An 11-member electoral board will make the appointment to replace Paul Strohm, the second chairholder to have left the post for Columbia University in the US. Godden says: "Oxford's English faculty is the biggest in the country, with a great research reputation. We have always been strong in medieval English and we want a professor who will keep this up."

One complication is that a non-stipendiary fellowship at St Hilda's College or Lady Margaret Hall is attached to the professorship. St Hilda's remains all-female after a controversial referendum earlier this month, so if a man is appointed, the fellowship will be held at Lady Margaret.

New Zealand's spectacular scenery provides the backdrop for the films of Tolkien's masterpiece and New Zealand scholars have always made a great contribution to medieval and language studies, Godden says. "The first chairholder, Douglas Gray, was a New Zealander, as was the first of Tolkien's successors at Merton College. His rival for the chair of Anglo-Saxon, Kenneth Sizer, was also from New Zealand."

Tolkein's trilogy has also provided a fillip for the University of Otago, Dunedin, which wants to raise its profile in the field of Australasian and New Zealand cinema and is advertising tenure-track vacancies for lecturers and senior lecturers in film studies.

Geoff Kearsley, dean of the school of social science, says: " The Lord of the Rings has highlighted the wealth of filmmaking talent in this country.

Film studies, as a part of the department of communication studies, is one of our fastest-growing programmes.

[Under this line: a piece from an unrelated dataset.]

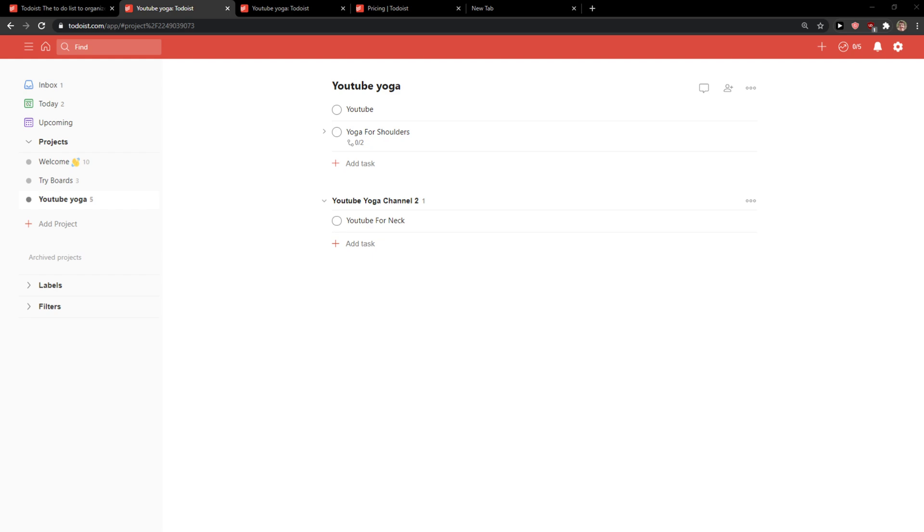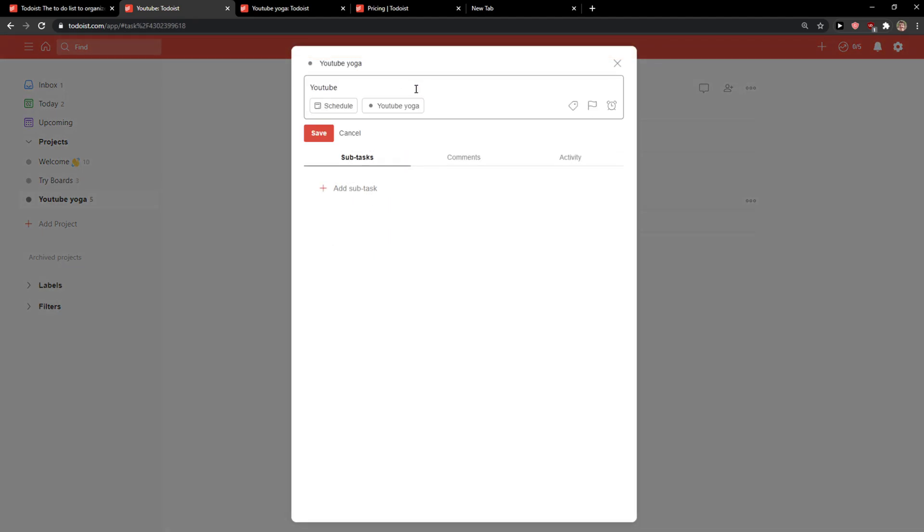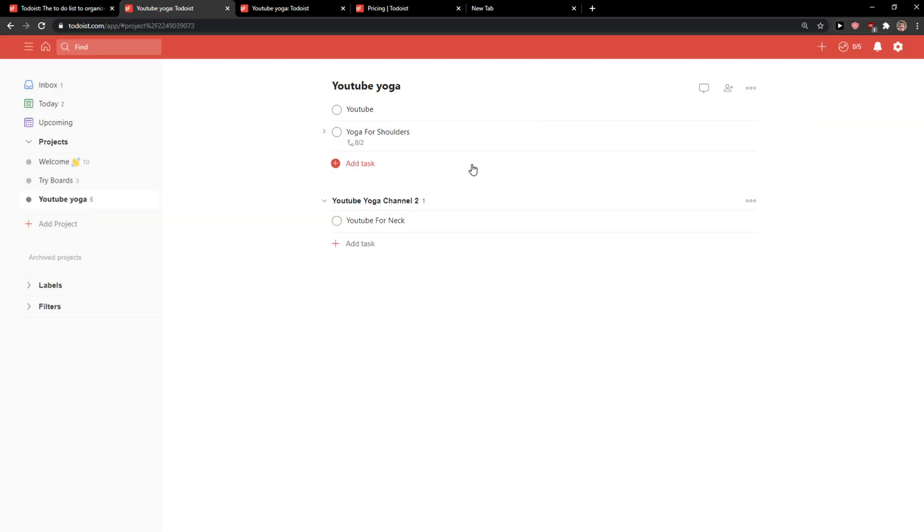So let's start. When you are on Mac you want to press Control Command and Space. But if you're on Windows you want to click on the right Windows key plus period on your keyboard.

"The department is relatively new and offers three degree majors - film and media, communication and visual culture. With rapid student growth, especially in film studies, we are able to expand the academic staff. They are mostly young and enthusiastic scholars who have mainly adopted a critical theory or cultural studies perspective, but that is being paralleled by new appointments in mass communication from a more traditional social science perspective."